§ ACTION ITEM
Starting with the line that contains "Joseph Joseph CleanForce™" and stopping after the line that contains "将蛋糕倒扣到方形冷却架上，撕", return each line below exactly as written, with no others.

§ RECORDS PROVIDED
Content starts

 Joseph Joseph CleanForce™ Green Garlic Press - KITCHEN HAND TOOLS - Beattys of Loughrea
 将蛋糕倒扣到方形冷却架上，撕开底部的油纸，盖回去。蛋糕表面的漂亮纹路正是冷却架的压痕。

Content ends
Content starts

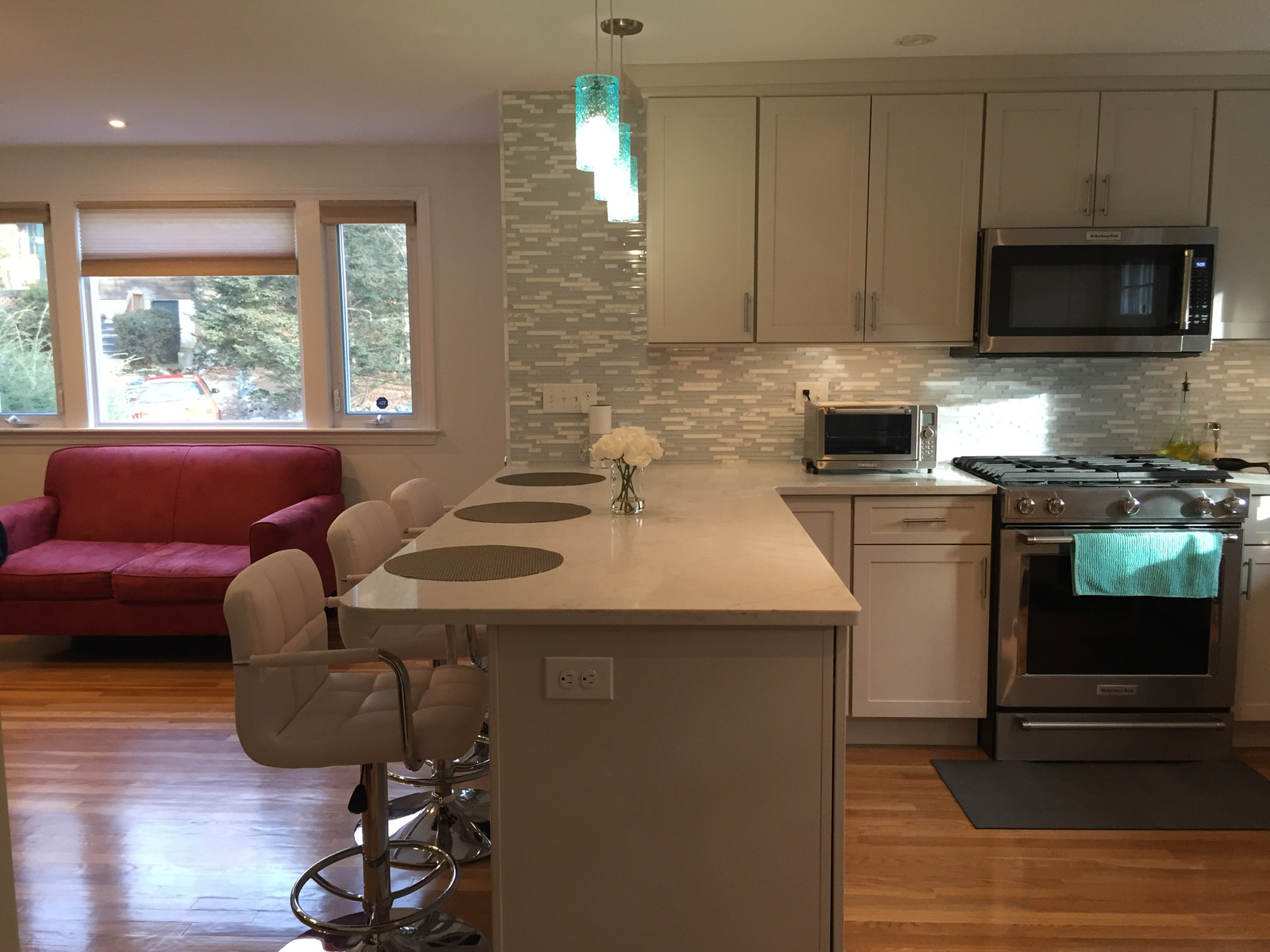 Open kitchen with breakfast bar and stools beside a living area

Content ends

§ EXERCISE RESULT
 Joseph Joseph CleanForce™ Green Garlic Press - KITCHEN HAND TOOLS - Beattys of Loughrea
 将蛋糕倒扣到方形冷却架上，撕开底部的油纸，盖回去。蛋糕表面的漂亮纹路正是冷却架的压痕。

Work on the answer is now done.